Когда не удается интеллектуальный бунт, Мефи взрывают Стену, надеясь, что стихия жизни возродит к жизни новое государство, но стражи Единого Государства не дремлют.
В этой атмосфере неразберихи, когда Д – 503 узнает, что был нужен I-330 лишь как строитель «Интеграла», он испытывает душевные муки и, устав от терзаний, решает получить право на счастье. Д – 503 идет на предательство, но, ирония судьбы, исповедь предназначалась одному из участников заговора. Его жертва на алтарь Единого Государства обернулась предательством любви, совести, души. Не случайно здесь сопоставление с жертвой Авраама. И в том, и в другом случае пред нами испытание на силу веры. Но если Авраам не отступил от веры, то Д – 503 предает то новое, что открылось ему, губит человеческое в себе и, как оказалось, напрасно. Д – 503 боится того стихийного, неорганизованного, грядущего на смену рациональной организации. Метания Д – 503 напоминают усилия Кая из «Снежной королевы» Г. Х. Андерсена, стремящегося сложить из льдинок слово «вечность», расписать бесконечность по параграфам, но то, что не удается Каю, не получается и у Д – 503. Вечность разворачивается перед ним во всей своей иррациональности, стихийности, а ему жаль потерянной разумной организации. Но у него есть надежда. Его сосед, с описания которого начинается роман, сообщает Д – 503 о своих расчетах, подтверждающих конечность вселенной.

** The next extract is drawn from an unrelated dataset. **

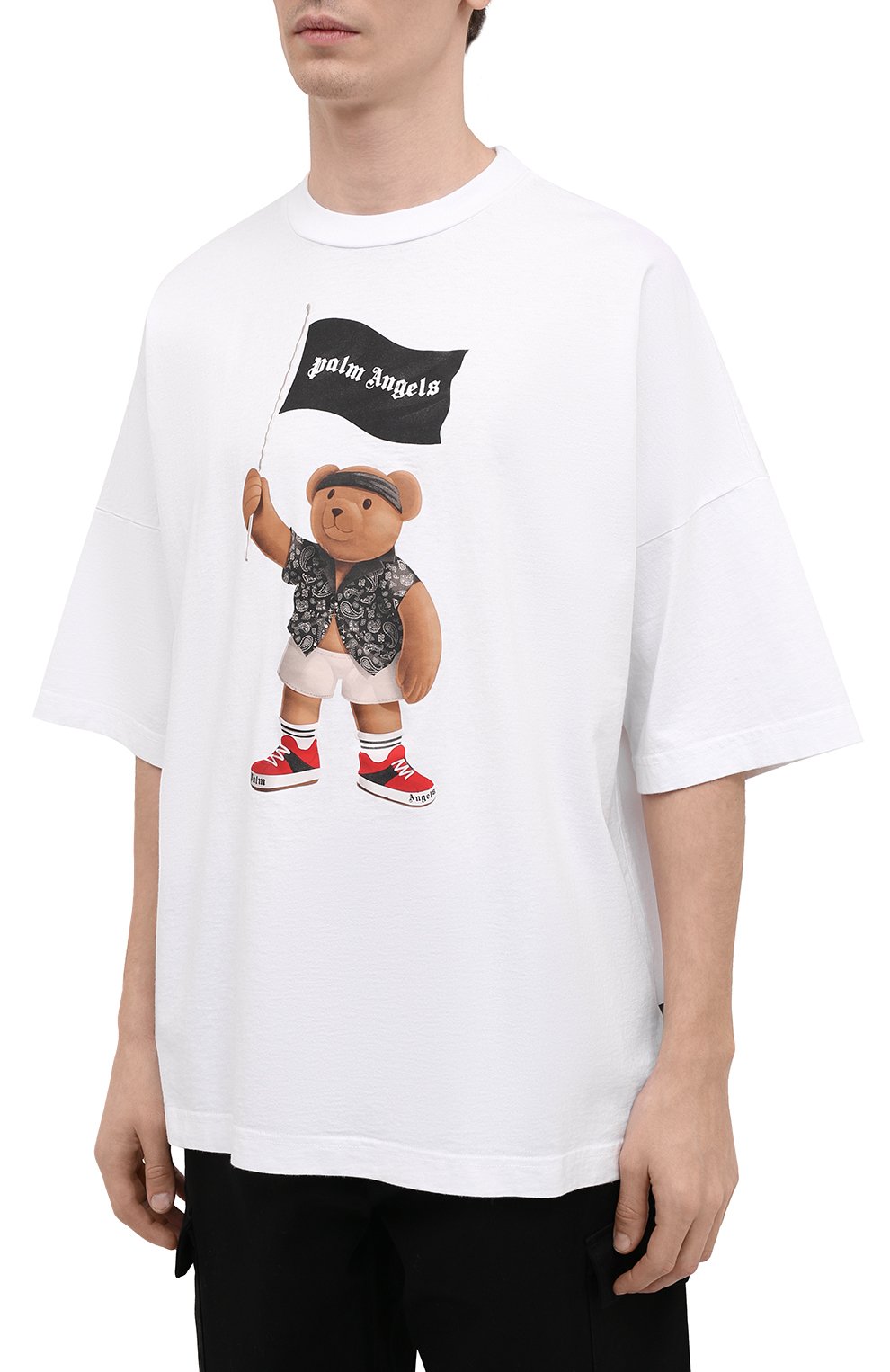 Хлопковая футболка PALM ANGELS, арт. PMAA041S21JER0060101, фото 3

Однако, пробудившееся сознание жаждет знать, что за конечной вселенной. Но ответа нет. Операция обрывает движение вопрошающей мысли героя.
Итак, все оппозиционные противоречия в сознании Д – 503 можно свести к одной главной: Единое Государство – Лес. Составим парадигмы.

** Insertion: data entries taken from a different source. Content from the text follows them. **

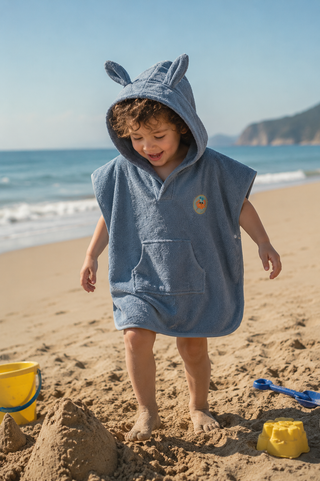 Kinderponcho | Blauw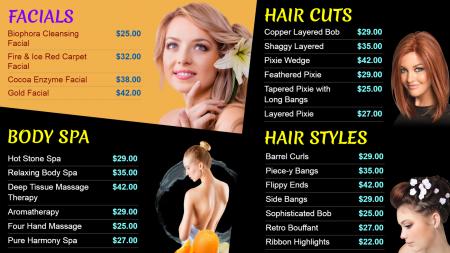 Template of a Salon Digital Menu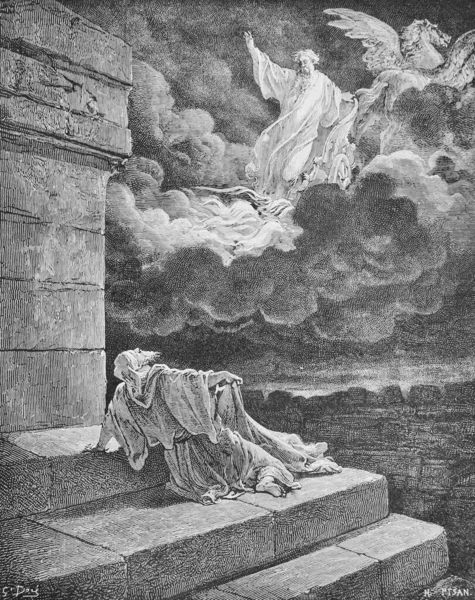 Elijah Nousee Tulisissa Vaunuissa Vanhassa Kirjassa Bible Pictures Doreh 1897 — kuvapankkivalokuva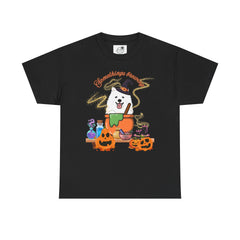 Halloween Witchy Samoyed — Cute Spooky Pumpkin Cauldron Tee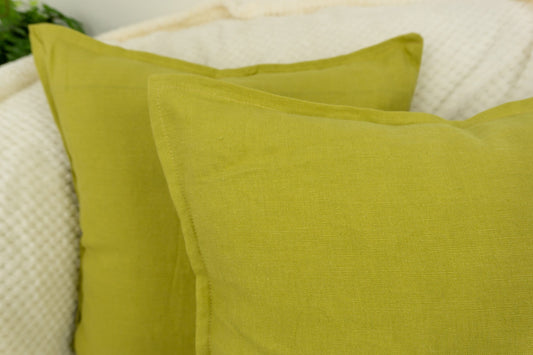 Natural Linen Mustard Cushion Covers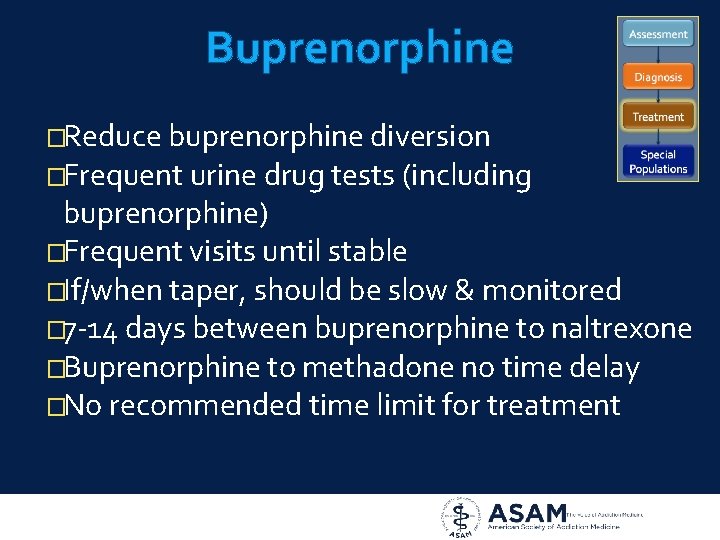 Buprenorphine �Reduce buprenorphine diversion �Frequent urine drug tests (including buprenorphine) �Frequent visits until stable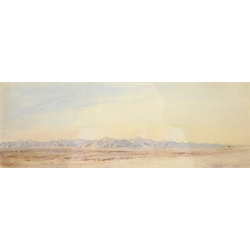 Circle of Edward Lear (British 1812-1888): North African Desert Scene, watercolour unsigned 12cm x 34cm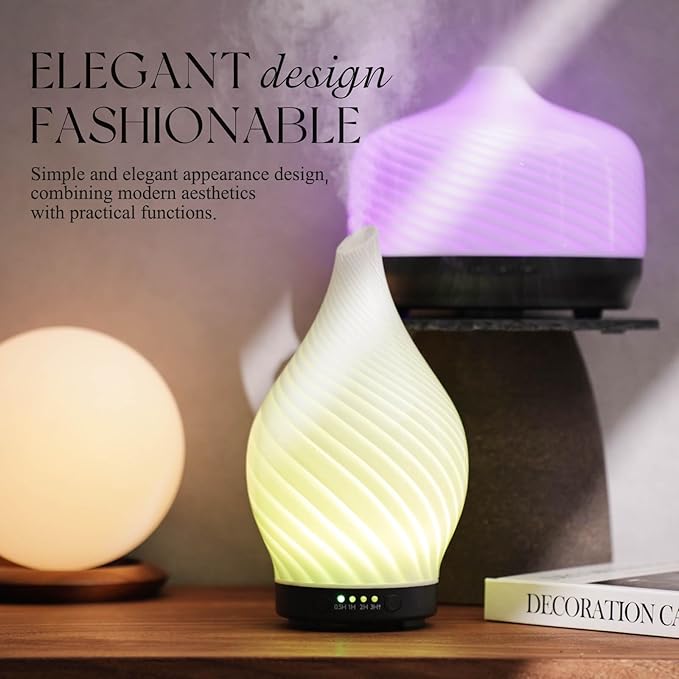 Porseme 150ml Essential Oil Diffuser Glass Color Changing Aroma Air Diffusers Aromatherapy Ultrasonic Cool Mist Humidifier 6 Running Hours Waterless Auto-Off for Sleeping Yoga Office Spa (Pure White) - Image 4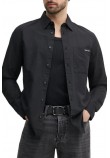 CALVIN KLEIN JEANS LINEN COTTON SHIRT ΠΟΥΚΑΜΙΣΟ ΑΝΔΡΙΚΟ BLACK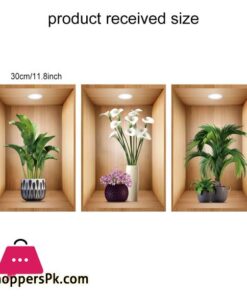 3D Plant Vase Wall Sticker Home Decoration Self Adhesive Bedroom Livng Room-30X45Cm - Image 6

Единое Государство: разум, организация, техника, стеклянная клетка.
Лес: инстинкты, стихия, природа, племя.
По сути, это два пути возможного выхода из двойственного положения Д – 503. Что выберет Д – 503? Лес, несомненно, - движение деградирующее, здесь происходит уподобление человека животному тогда, когда пробуждаются инстинкты. Однако, именно этой жизненной силы не хватает жителям Единого Государства. Не случайно пробуждение инстинктов ассоциируется у Д – 503 с появлением его двойника с волосатыми руками из разламывающейся скорлупы. Яйцо - символ зарождающейся жизни. Инстинкты дают эту жизненную силу Д – 503, но без разума инстинкты приравнивают человека и зверя.

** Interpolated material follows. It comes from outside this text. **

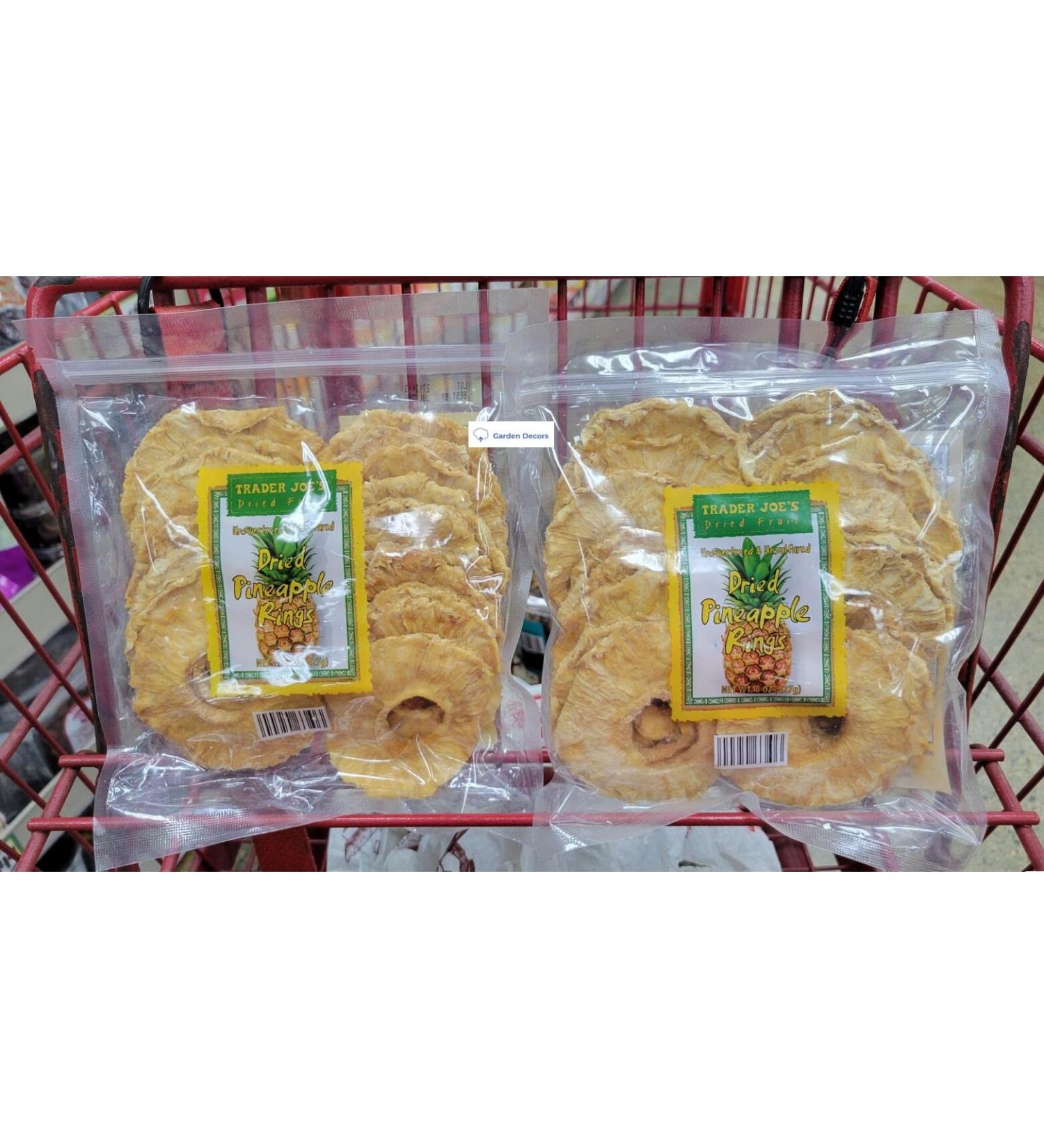 Trader Joes Dried Pineapple Rings Unsweetened & Unsulfured 8oz 227g (Two Bags)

Обратимся к анализу второго пути – движения с Единым Государством. Этот путь также тупиковый, поскольку грозит гибелью человеческого в человеке. Вспомним историю о трех отпущенниках, перед нами не люди, а элементы механизма, это очень близко финалу романа «1984» Д. Оруэлла: и здесь, и там перед нами смерть человека, его деградация, мутация. В первом случае – часть машины, во втором – некая белковая субстанция. Человека нет. Единое Государство ограничивает широкие возможности человека, ему оставили одно: возможность быть механической частью огромного целого. Именно поэтому Д – 503 боится, что если он распрямится, то стукнется головой о стеклянный потолок. В Едином Государстве человек не может реализовать себя полностью, он ограничен определенным «потолком» идеологии Единого Государства. И самое страшное деяние машинного рая – операция по удалению фантазии. На страницах романа живут люди – тракторы. Что может быть ужаснее? Люди решили, что они мудрее Бога, но, как и раньше (вспомним вавилонскую башню), это оборачивается разрушением, гибелью.
Оппозиция Леса и Единого Государства неразрешима. Докажем это. Совершенно ясно, что невозможно существование либо только мыслящего человека, либо существа, наделенного только инстинктами. Необходимо единение мыслей и природного начала, в результате которого происходит рождение души. Е. Замятин не отрицает культуру, напротив, именно культура способна объединить истинную природу человека и разум. Другой вопрос: возможно ли сохранение культурных ценностей в мире разума либо в мире инстинктов? Е. Замятин считает, что нет. Если отделить разум от природы, то культура умирает, оставляя лишь осколки некогда единого целого (Древний Дом, старая церковь, корабль…): «Я шел под какими-то каменными арками, где шаги, ударившись о сырые своды, падали позади меня… Калитка в заборе и пустырь – памятник Великой Двухсотлетней войны: из земли – голые каменные ребра, желтые оскаленные челюсти стен, древняя печь с вертикалью трубы – навеки окаменевший корабль среди каменных желтых и красных кирпичных всплесков» (386). Аналогия: ценности Древнего Дома, культура – окаменевший корабль., отметим, что автор употребляет наречие навеки. Двухсотлетняя война уничтожила культуру, которая сохранилась лишь в каких-то осколках, и восстановить её невозможно. Тем более, что восставшее меньшинство – Мефи – обречено на поражение (захват «Интеграла оканчивается полным провалом»). Вспомним символ на камне. Мефи изображен следующим образом: «Крылатый юноша, прозрачное тело, и там, где должно быть сердце – ослепительный, малиново-тлеющий уголь» (412). Сердце – уголь, мотив из «Пророка» А. С. Пушкина.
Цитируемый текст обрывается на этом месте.